Atlantic Canada is facing serious challenges and we no longer have the option of kicking the can down the road. The demographic tsunami is upon us, and there is a looming financial crisis in that wave. With an aging workforce, there will be fewer potential workers and a shrinking tax base. This is compounded by higher demands on healthcare, the single greatest cost driver of provincial budgets.
With a greater tax load, borne by fewer workers, something’s gotta give and part of that that something is the civil service. The cost and size of governments have continued to increase in Atlantic Canada at an unsustainable rate. I would also challenge anyone to demonstrate how a 60 percent increase in spending over 15 years has created commensurate improvements in our government’s service delivery for citizens.
This week, CFIB released Winter is Coming, a report designed to encourage governments to get their spending in check, not just to balance budgets in the short-term, but to be able to provide priority services for the next thirty years.
Last month the Parliamentary Budget Office released its Fiscal Sustainability Report for 2017 and there is some downright scary stuff in there for Newfoundland and Labrador, but the picture isn’t much rosier for the other Atlantic Provinces. The fiscal policy for three of the four Atlantic Provinces is described as “unsustainable” with only Nova Scotia squeaking by with a sustainable assessment that is “sensitive to alternative demographic and health spending assumptions”. In other words, don’t bet your farm on it.
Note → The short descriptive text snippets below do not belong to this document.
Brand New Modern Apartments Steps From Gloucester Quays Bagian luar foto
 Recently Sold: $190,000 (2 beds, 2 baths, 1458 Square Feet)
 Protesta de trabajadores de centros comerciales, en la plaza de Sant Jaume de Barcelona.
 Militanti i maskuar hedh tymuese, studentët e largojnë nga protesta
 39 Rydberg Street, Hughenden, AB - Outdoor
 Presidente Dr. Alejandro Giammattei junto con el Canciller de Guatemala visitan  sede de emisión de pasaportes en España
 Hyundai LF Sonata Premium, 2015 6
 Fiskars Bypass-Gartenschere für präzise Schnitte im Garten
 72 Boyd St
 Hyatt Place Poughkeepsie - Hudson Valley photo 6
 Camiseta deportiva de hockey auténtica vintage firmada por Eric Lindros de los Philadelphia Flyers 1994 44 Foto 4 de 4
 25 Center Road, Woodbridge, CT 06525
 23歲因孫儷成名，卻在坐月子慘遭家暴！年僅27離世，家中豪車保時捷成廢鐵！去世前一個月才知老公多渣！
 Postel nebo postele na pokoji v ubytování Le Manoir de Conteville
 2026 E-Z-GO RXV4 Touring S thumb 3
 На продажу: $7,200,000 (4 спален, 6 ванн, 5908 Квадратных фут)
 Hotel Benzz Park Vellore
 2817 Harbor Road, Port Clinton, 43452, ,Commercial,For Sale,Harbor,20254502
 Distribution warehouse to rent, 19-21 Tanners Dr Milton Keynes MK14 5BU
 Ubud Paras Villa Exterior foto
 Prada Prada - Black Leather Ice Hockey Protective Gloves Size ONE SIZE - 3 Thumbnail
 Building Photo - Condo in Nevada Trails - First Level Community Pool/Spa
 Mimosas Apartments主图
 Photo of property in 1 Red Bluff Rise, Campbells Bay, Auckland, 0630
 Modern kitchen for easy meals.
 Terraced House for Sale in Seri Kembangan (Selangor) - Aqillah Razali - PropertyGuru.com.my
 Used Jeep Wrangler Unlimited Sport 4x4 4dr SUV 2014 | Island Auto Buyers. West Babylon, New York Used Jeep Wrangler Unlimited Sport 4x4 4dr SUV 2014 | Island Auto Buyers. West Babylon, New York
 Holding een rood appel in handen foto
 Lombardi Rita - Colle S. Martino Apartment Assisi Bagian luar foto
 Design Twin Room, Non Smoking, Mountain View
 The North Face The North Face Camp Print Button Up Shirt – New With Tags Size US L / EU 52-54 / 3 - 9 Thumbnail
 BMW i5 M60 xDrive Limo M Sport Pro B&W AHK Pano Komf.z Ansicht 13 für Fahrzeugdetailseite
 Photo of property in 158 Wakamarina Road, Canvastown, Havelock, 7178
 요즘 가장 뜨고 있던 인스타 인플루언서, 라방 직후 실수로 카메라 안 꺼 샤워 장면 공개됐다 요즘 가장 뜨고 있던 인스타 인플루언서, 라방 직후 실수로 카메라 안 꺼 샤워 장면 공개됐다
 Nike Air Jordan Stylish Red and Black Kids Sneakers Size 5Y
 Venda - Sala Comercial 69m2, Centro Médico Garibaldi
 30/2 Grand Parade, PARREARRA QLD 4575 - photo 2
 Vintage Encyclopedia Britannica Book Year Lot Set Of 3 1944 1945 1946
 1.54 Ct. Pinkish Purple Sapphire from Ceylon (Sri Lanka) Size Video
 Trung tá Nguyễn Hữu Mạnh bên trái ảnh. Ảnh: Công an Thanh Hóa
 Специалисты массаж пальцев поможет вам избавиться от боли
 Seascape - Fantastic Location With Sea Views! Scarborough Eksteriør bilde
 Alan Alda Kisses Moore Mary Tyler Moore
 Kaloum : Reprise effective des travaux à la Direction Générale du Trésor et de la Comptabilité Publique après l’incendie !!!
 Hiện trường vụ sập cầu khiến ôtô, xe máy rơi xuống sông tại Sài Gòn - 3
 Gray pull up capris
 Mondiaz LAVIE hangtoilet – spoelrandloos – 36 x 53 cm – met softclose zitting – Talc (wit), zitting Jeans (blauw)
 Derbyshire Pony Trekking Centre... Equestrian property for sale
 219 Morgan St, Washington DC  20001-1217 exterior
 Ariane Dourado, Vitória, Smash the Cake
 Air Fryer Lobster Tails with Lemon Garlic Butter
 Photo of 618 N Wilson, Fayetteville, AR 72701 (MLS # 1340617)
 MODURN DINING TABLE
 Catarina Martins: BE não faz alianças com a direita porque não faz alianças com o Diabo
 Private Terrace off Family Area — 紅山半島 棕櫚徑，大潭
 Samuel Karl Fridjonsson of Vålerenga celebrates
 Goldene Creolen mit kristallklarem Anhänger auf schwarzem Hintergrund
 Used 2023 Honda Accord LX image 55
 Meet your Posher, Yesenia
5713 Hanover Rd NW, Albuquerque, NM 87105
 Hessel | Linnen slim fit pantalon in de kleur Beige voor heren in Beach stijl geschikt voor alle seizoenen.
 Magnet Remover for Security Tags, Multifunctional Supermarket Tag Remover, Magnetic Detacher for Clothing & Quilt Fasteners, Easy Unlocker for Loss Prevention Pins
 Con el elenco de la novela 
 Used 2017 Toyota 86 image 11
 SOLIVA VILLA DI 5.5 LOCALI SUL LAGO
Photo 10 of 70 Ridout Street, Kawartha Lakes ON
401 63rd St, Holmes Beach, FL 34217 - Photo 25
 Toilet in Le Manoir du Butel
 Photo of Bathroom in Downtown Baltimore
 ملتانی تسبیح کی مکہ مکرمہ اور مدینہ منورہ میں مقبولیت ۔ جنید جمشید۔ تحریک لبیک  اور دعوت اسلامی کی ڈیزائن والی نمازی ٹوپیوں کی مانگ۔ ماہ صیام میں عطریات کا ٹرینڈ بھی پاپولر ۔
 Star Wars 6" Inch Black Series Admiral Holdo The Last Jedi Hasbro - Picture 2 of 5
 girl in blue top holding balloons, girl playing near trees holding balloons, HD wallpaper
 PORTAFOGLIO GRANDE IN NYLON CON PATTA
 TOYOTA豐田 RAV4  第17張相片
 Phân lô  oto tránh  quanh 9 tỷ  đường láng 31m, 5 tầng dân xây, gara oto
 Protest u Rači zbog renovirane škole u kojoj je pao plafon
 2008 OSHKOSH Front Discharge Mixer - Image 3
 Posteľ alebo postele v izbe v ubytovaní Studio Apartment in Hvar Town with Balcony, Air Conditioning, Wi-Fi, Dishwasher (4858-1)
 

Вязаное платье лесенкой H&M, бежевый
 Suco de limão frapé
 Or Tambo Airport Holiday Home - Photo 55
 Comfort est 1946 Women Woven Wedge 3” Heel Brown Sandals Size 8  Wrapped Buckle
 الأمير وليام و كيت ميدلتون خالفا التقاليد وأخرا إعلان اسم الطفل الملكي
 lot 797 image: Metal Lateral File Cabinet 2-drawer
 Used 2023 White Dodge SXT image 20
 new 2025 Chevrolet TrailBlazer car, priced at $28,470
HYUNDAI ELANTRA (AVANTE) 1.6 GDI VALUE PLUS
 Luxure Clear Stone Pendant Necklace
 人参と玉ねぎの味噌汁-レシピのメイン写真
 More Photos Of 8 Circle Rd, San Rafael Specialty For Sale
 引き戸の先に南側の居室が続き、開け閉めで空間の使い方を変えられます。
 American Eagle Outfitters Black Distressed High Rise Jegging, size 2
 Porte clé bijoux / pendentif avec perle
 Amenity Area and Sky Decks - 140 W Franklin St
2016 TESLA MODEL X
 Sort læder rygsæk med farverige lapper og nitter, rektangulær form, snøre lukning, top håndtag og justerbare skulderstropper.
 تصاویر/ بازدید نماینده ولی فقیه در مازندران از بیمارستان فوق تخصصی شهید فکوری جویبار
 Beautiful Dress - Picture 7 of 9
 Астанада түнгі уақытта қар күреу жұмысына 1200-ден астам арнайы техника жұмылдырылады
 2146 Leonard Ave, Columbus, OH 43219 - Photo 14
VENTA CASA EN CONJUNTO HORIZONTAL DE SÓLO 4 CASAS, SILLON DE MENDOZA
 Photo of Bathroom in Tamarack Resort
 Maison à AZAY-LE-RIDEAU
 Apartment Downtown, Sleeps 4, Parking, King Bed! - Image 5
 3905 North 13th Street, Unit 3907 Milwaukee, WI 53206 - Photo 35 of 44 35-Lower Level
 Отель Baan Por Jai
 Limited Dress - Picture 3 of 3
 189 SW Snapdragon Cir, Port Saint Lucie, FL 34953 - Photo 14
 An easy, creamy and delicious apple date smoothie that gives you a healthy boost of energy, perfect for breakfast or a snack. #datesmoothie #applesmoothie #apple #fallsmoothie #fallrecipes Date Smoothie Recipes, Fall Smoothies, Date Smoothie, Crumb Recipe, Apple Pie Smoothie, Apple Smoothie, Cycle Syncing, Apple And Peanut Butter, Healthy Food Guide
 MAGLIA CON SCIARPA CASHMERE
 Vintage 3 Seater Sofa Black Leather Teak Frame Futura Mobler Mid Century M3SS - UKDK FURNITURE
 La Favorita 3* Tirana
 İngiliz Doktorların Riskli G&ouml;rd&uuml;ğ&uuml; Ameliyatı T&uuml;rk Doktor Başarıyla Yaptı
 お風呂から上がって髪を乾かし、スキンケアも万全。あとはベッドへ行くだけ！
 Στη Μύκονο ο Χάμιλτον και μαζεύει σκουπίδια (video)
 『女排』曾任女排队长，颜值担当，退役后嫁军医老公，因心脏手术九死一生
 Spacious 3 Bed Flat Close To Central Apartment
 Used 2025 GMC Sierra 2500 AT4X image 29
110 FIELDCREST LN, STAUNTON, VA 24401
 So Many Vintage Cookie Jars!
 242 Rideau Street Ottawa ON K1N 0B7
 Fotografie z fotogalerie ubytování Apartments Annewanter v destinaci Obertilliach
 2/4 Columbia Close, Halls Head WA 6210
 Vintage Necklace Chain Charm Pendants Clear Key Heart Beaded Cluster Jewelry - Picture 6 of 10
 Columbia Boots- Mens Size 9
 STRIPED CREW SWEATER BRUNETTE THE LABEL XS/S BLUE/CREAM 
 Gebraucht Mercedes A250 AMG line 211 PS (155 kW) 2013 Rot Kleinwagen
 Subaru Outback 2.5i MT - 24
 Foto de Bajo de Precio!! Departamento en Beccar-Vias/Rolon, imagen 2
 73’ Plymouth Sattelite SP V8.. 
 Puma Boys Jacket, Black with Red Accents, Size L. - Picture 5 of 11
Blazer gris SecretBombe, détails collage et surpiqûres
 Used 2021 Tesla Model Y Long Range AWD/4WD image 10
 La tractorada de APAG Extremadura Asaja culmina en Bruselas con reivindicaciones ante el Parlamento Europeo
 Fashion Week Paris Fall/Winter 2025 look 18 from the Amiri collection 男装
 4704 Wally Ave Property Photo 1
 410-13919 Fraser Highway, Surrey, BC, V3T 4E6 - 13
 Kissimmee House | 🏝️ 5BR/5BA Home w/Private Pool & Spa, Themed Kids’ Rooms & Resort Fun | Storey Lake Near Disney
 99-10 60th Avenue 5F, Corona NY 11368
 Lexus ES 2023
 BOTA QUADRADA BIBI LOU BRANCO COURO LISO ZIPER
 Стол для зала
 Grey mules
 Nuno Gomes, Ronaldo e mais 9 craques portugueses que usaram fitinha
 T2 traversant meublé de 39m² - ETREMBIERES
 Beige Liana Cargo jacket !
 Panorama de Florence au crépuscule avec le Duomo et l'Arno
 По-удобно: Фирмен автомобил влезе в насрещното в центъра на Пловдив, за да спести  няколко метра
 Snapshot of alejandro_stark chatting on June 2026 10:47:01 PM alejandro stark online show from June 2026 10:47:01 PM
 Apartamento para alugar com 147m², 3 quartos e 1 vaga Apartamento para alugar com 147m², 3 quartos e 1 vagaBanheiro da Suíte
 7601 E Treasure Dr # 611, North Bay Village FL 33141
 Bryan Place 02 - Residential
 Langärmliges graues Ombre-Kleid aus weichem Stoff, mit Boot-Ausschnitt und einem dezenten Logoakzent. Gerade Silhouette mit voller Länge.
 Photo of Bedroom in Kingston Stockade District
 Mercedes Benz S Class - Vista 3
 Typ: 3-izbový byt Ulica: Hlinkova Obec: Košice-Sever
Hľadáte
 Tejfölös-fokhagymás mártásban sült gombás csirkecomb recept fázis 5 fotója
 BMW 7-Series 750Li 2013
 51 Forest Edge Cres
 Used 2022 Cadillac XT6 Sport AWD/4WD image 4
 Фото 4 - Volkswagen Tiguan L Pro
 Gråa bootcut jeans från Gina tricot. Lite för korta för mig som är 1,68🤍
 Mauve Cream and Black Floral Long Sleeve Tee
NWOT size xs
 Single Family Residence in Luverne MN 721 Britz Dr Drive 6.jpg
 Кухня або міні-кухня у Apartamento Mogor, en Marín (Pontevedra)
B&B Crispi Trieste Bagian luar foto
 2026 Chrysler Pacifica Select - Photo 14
In spite of organized labour’s protestations of “austerity” budgets, Provincial government expenditures have grown at roughly double the rate of inflation. What this has left us with is some of the highest taxes in the country, three of the top five largest public sectors per capita in Canada and four of the five highest percentages of public sector compensation as a share of overall compensation.
With our aging workforce, however, there may be great opportunity to press the reset button on our public service. A recent CBC report noted 1 in 4 civil servants in Nova Scotia will be eligible for retirement by 2020. Attrition may provide an important opportunity to reduce the cost of government and return to some level of sustainability without creating an undue hardship on public sector workers.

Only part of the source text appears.